Wieder einmal haben sich einige Tesla-Fans daran versucht, Elon Musks knapp 10 Jahre altes Versprechen einer autonomen Fahrt quer durch die USA in die Realität umzusetzen – und sind dabei krachend am mangelhaften Autopiloten gescheitert, wie die Videoaufnahmen eindrucksvoll zeigen.

Satz mit X: Statt des erhofften Coast-to-Coast-Rekords endete der neuste Versuch wieder einmal mit einem Crash (Foto: Screenshot Bearded Tesla Guy, Youtube)

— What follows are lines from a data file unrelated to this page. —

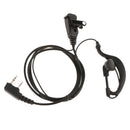 2 PIN PTT MIC Headphone Headset Earpiece for Baofeng UV-5R Kenwood Wouxun Radio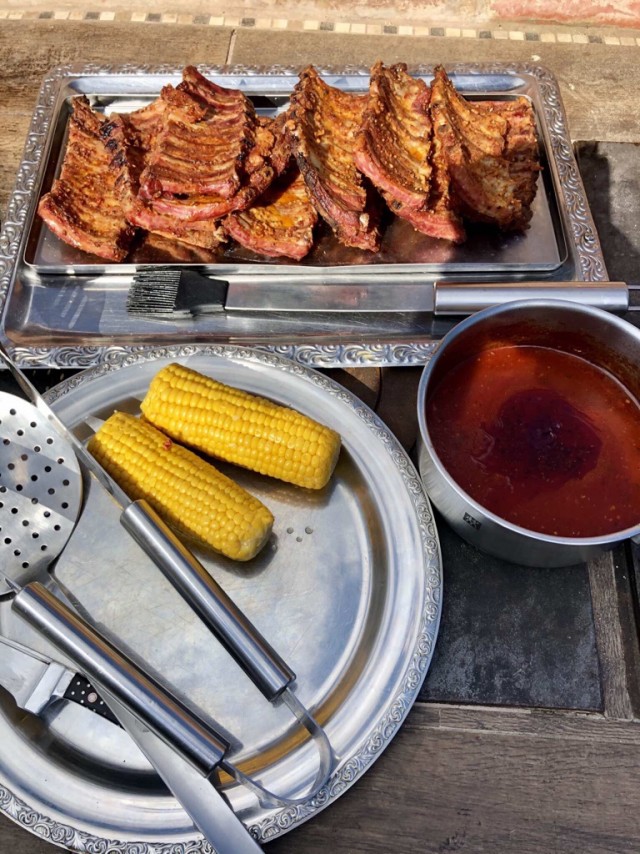 Ребрышки BBQ остро-сладкие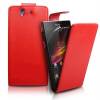 Sony Xperia Z Δερμάτινη Θήκη Flip - Κόκκινη Sony Xperia Z Δερμάτινη Θήκη Flip - Κόκκινη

Als Tesla Anfang 2016 seine "Summon"-Funktion vorstellte, fühlten sich viele davon unmittelbar an die 80-er-Jahre-Fernsehserie Knight Rider erinnert. Ähnlich wie der von David Hasselhoff verkörperte Serienheld Michael Knight sein smartes Wunderauto K.I.T.T., können die Nutzer damit ihren Tesla einfach herbeirufen. In seiner überschwänglich optimistischen Art veranlasste die damit verbundene autonome Fahrleistung, wenn auch offiziell vorwiegend für kurze Wege in Einfahrten und beim Ausparken gedacht, Elon Musk zu einer wagemutigen Prophezeiung: "Ich denke, innerhalb der nächsten zwei Jahre wird es möglich sein, ihr Auto quer durch das ganze Land herbeizurufen." Als Beispiel nannte er eine autonome Fahrt von New York nach Los Angeles.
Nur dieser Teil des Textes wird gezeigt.